Try it
Once you find the line with "Apartamento à venda no Centro: CLOSET" in the data below, transcribe exactly each line from there to the line with "Mulheres Munduruku reunidas", inclusive, and nothing else. Drop the pictures.

Data extract
--

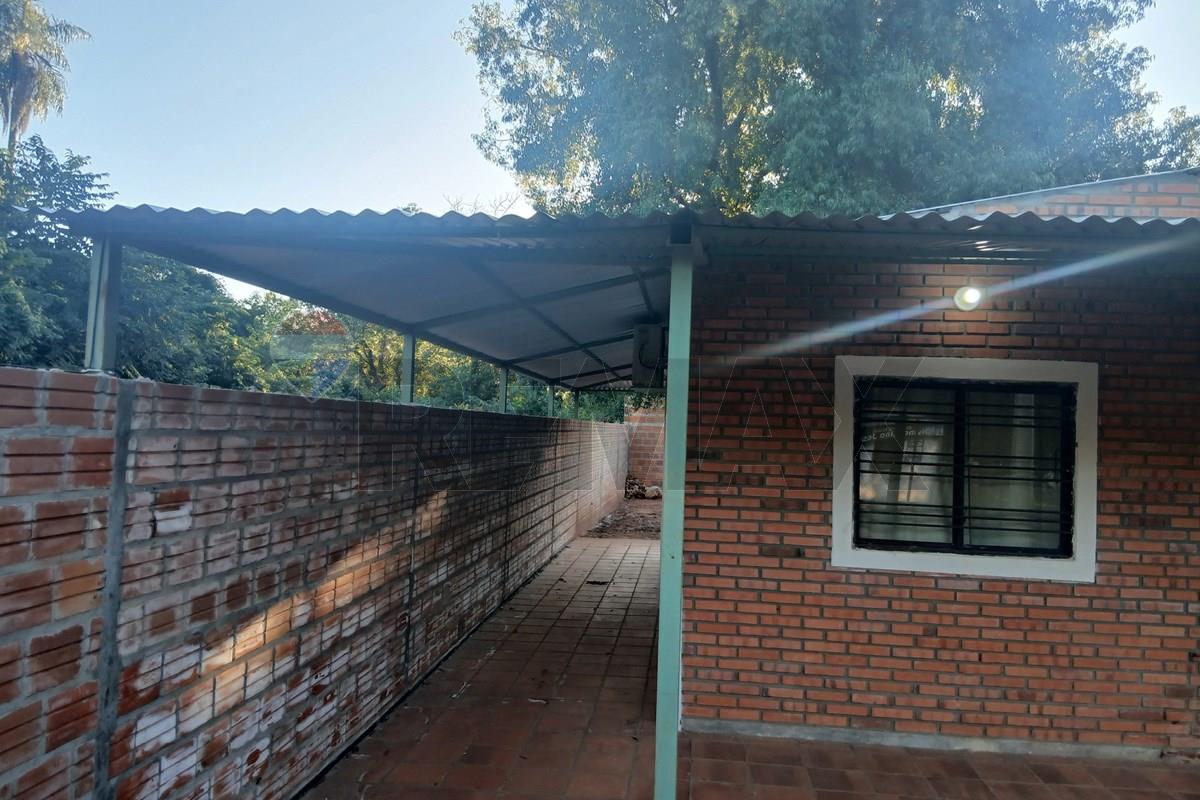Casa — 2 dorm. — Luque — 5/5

--

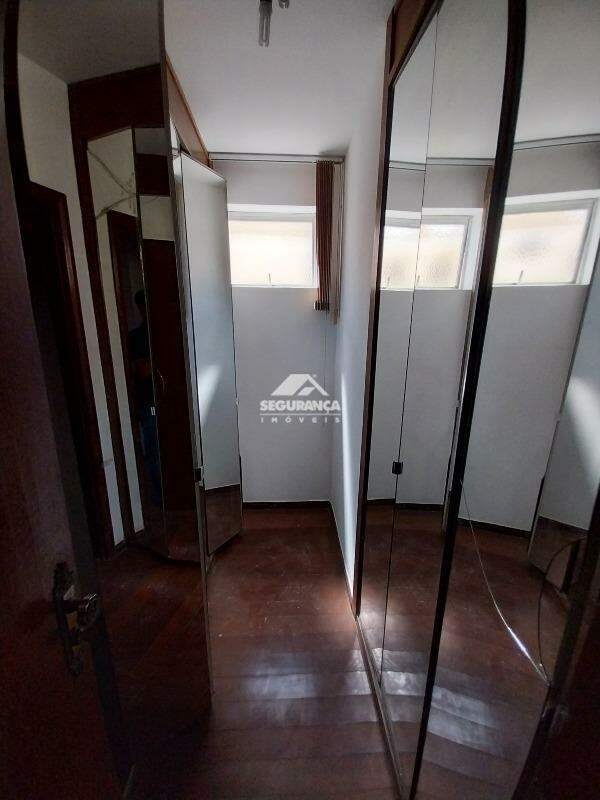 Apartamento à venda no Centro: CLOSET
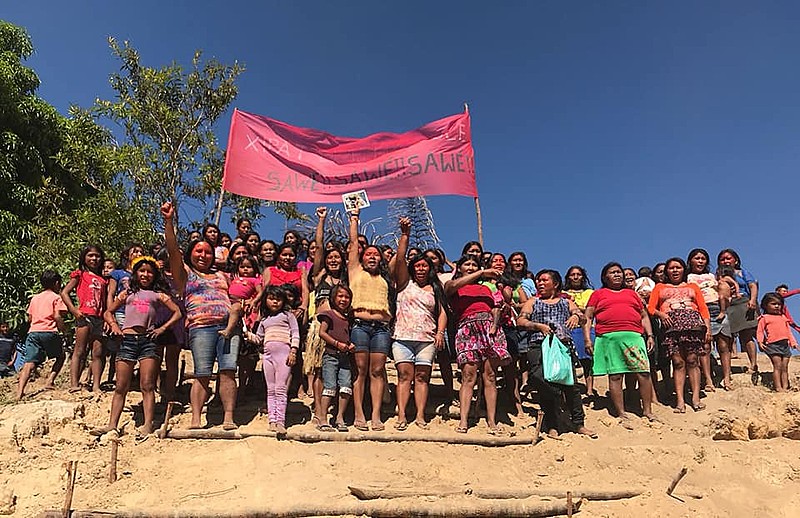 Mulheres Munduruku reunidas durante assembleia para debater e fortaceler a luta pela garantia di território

--

Reply
 Apartamento à venda no Centro: CLOSET
 Mulheres Munduruku reunidas durante assembleia para debater e fortaceler a luta pela garantia di território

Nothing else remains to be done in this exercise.